SPARZANZA – Into the sewers

Agli inizi della loro carriera gli Sparzanza venivano descritti come un gruppo poco incisivo, che accumulava cataste di riff Kyuss/Fu Manchu su uno scarno tappeto garage-rock’n’roll, quasi fosse un escamotage per sopperire a lacune di personalità.
Un’accusa rivolta a gran parte dello stoner scandinavo, se pensiamo all’ironia che aveva accompagnato i primi Dozer, o le immeritate bocciature che a volte hanno dovuto sopportare i vari Lowrider, Demon Clearer, Pawnshop (ma l’elenco è veramente lungo).

Il passare degli anni ha invece dimostrato l’esatto contrario, visto che possiamo ormai dire che questi gruppi hanno creato una vera e propria scuola europea, emancipandosi splendidamente, e i migliori tra loro possiedono una fisionomia musicale che altri protagonisti dell’hard di questo decennio possono solo sognare.

Così dopo una pletora di bellissimi dischi 2003 targati Dozer, Blind Dog, Awesome Machine, Mannhai, tocca agli Sparzanza completare quest’infuocato poligono con il loro “Into The Sewers”, un album che ridà perfettamente senso a parole come stoner e hard rock.

Tutte le canzoni (e non è un termine abusato) possiedono un songwriting di livello eccellente, risultando caldissime, potenti e travolgenti, grazie ad una delle migliori registrazioni degli ultimi anni, e scorrono a meraviglia per merito di una grande voce capace di pilotare cori carichi di epos rock, di ricchissime e ispirate chitarre, e di una VERA sezione ritmica.

Un album di questo genere è aperto alla perfezione da “Children Shouldn’t Play With Dead Things”, un fendente allo stomaco portato da un superbo heavy di ispirazione darkeggiante (nella traccia video viene anche reso omaggio ad un certo cinema gore-surrealista di stampo underground).

Per “Into The Sewers” si potrebbero fare i nomi di Unida, Spiritual Beggars e Awesome Machine, ma sono dettagli, visto che gli Sparzanza sono perfettamente competitivi; “Pay The Price” e “Euthanasia” sono arricchite da melodiche tastiere psych e infuocate jam.
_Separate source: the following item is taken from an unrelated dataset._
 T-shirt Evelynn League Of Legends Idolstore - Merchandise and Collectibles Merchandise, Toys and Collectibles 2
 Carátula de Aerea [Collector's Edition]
Più bluesaggiante e articolata, ma sempre basata su cori misterici ed evocativi, risulta “Kindead”, mentre lo stile dei primi Sparzanza rivive nei mastodontici stoner di “Anyway”, “Son Of A God” e nell’hard/r’n’r di “Kings On Kerosene”, quest’ultima un oleoso inno all’automobilismo.

L’hard-psych più sulfureo ed emotivo va ad appannaggio di un altro brano notevole, “Little Red Riding Hood”, e l’ultimo scossone senza tanti complimenti lo dà “Sparzatan”.